After Dave Aker told his staff at the East Grand Forks Parks and Recreation Department to weed a flowerbed near City Hall Wednesday, he said he “wasn’t supposed to do that.”
But the flowerbed across DeMers Avenue from City Hall had been filled with weeds crowding the blooming perennial flowers that had been planted in previous years.
“It looked too bad. I didn’t want to let it go like that,” said Aker, superintendent of city Parks and Recreation.
Aker said he “wasn’t supposed to” weed the flowerbed because of an East Grand Forks City Council decision last year to cut flowers out of the city’s budget this year -- and as of Wednesday, some confusion still surrounded how the flowerbeds will be maintained in compliance with city code.
“We’re not supposed to do that. We’re not supposed to help with the flowerbeds,” because of the City Council’s decision, Aker said, despite having his staff weed one flowerbed Wednesday.
But City Administrator David Murphy said the city will be weeding the flowerbeds around town, there just won’t be any new flowers planted.

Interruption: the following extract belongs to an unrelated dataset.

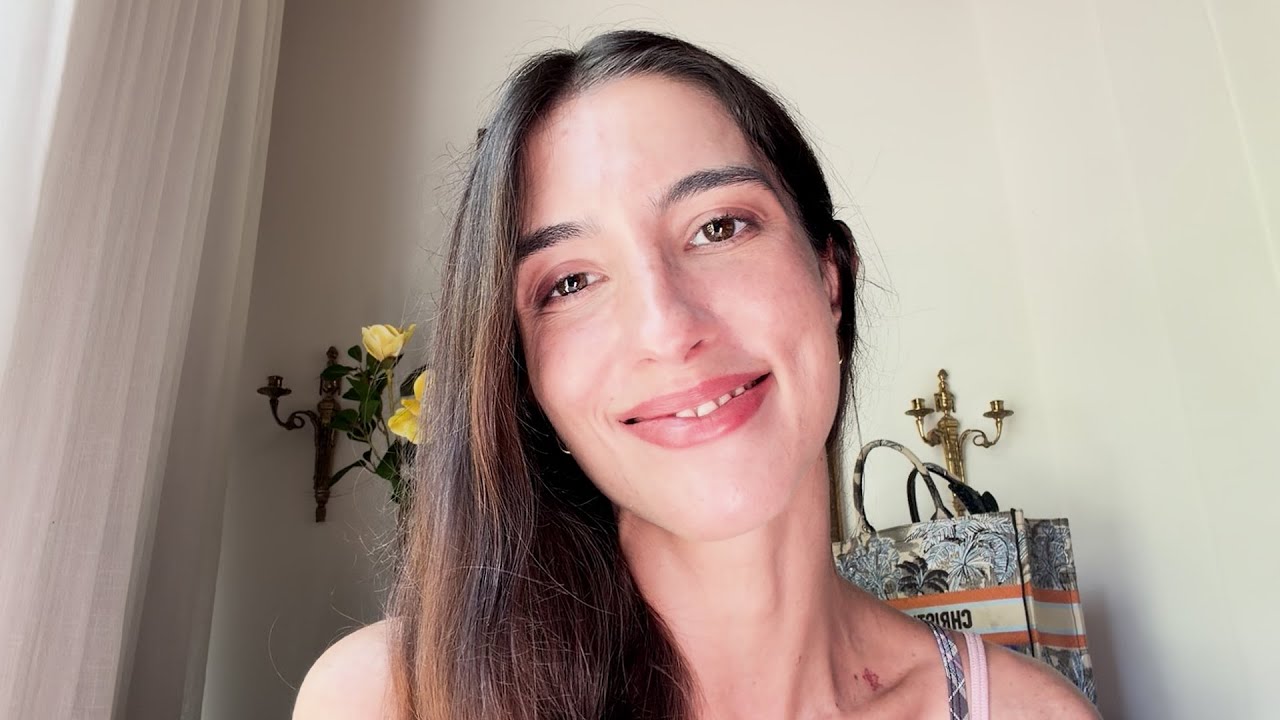 Como Subir de Nível Tão Rápido Que Eles Não Vão Te Reconhece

“This is the first year we didn’t have the flowers in the budget,” Murphy said. “It’s a learning curve.”
The City Council’s decision last year, with some other cuts, kept the city’s overall budget increase at 5 percent after Mayor Lynn Stauss vetoed a larger budget increase.Community concern
Since then, some community groups, including the East Grand Forks Heritage Foundation, offered to maintain a couple of flowerbeds. With some city officials, the heritage center raised money to hang flowers in baskets downtown and to plant flowers near the elk statue on DeMers Avenue.

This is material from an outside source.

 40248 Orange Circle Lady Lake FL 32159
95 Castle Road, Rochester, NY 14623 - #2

But the heritage center does not have enough donations or volunteers to maintain every flowerbed in town, said Teri Hammarback, vice president of the heritage center.

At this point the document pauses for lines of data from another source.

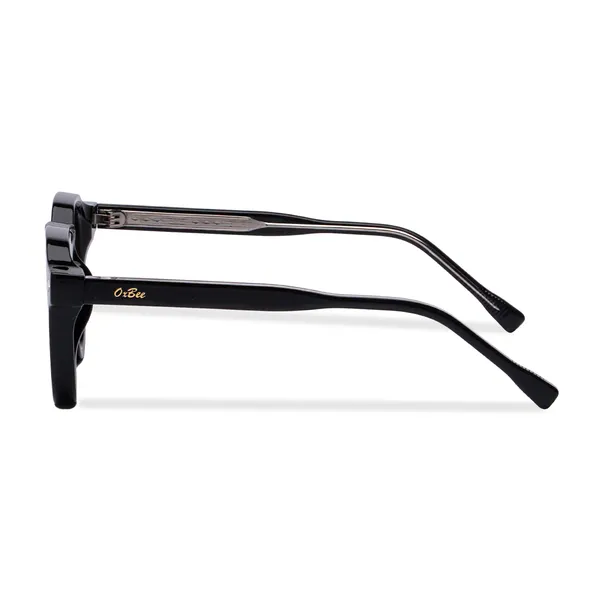 Sunset_Riot_Sunglasses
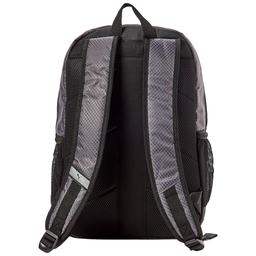 Puma® Evercat Contender 3.0 Backpack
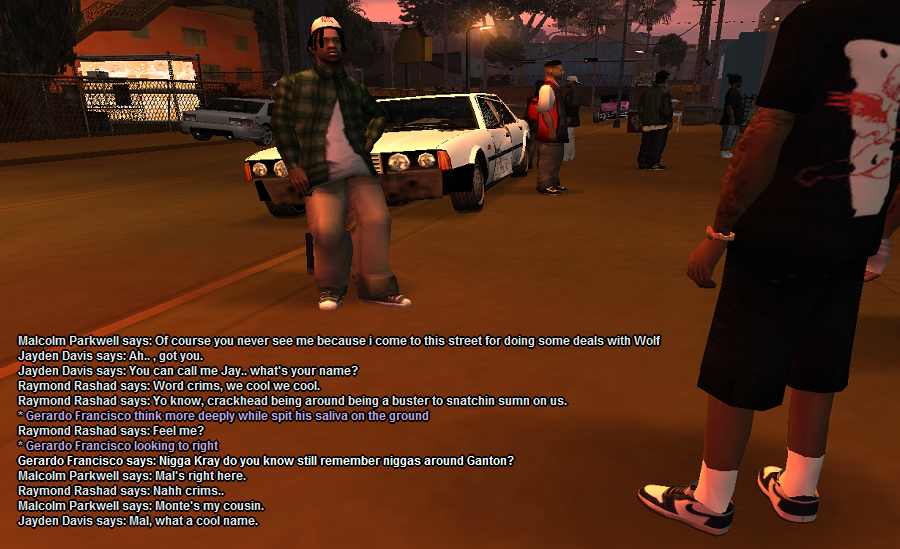 ssrp3.png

“There will be lots of weeds all over our town,” because of the city’s decisions, she said.
Murphy said that’s not true. The city will keep its flowerbeds in compliance with city code, he said.
East Grand Forks city code prohibits any weeds or grass growing taller than six inches. It also prohibits “uncontrolled, uncultivated growth of annuals and perennials plants.”‘A tough thing’
Aker said he was uncertain about what his department should do because the City Council’s decision seemed to vary from city code.
“It’s a tough thing,” Aker said. “We got one hand saying we should do that, and the other hand saying we shouldn’t.”
As of Wednesday morning, he said, his department had only weeded the flowerbed near City Hall.
City Council President Mark Olstad said the council’s decision about the flowers did not include any variance or violation of city code, and the city should be weeding the flowerbeds to stay in compliance with the law.
Olstad, who said he was in favor of keeping flowers in the budget, added the council will likely reconsider some of this year’s budget cuts while planning next year’s city budget.
“Next year, with the budget, we’ll take a good look at it,” he said.
Hammarback said she wishes the city would just replant the flowerbeds this year.
“I think it’s terrible. I think it’s just silly. Our gardens used to be beautiful,” she said.
Aker said he understands the money isn’t in the budget this year, but he hopes that changes in the future.
“I hope next year the flowers are with us,” Aker said.